DATA:
%%

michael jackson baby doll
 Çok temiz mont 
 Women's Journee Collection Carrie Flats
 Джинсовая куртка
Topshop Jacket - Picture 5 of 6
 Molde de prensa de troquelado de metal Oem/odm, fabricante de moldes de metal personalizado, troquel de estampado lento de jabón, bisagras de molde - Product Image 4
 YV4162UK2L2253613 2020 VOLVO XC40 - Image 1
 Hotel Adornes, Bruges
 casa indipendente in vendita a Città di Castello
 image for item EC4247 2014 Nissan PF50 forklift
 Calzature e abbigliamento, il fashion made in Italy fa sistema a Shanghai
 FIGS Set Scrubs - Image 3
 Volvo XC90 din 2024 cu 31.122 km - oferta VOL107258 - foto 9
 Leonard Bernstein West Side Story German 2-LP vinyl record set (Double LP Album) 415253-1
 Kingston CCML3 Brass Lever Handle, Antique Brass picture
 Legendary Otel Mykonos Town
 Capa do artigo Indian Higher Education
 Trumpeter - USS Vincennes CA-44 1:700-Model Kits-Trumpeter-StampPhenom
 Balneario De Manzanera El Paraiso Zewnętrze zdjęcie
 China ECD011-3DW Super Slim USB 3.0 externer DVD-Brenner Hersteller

%%

DIRECTIONS FOR THIS TASK:
In the listing above, find the line with "Women's Journee Collection Carrie Flats" and the line with "Hotel Adornes, Bruges". Output those two lines and every line between them, exactly as written.

EXERCISE RESPONSE:
 Women's Journee Collection Carrie Flats
 Джинсовая куртка
Topshop Jacket - Picture 5 of 6
 Molde de prensa de troquelado de metal Oem/odm, fabricante de moldes de metal personalizado, troquel de estampado lento de jabón, bisagras de molde - Product Image 4
 YV4162UK2L2253613 2020 VOLVO XC40 - Image 1
 Hotel Adornes, Bruges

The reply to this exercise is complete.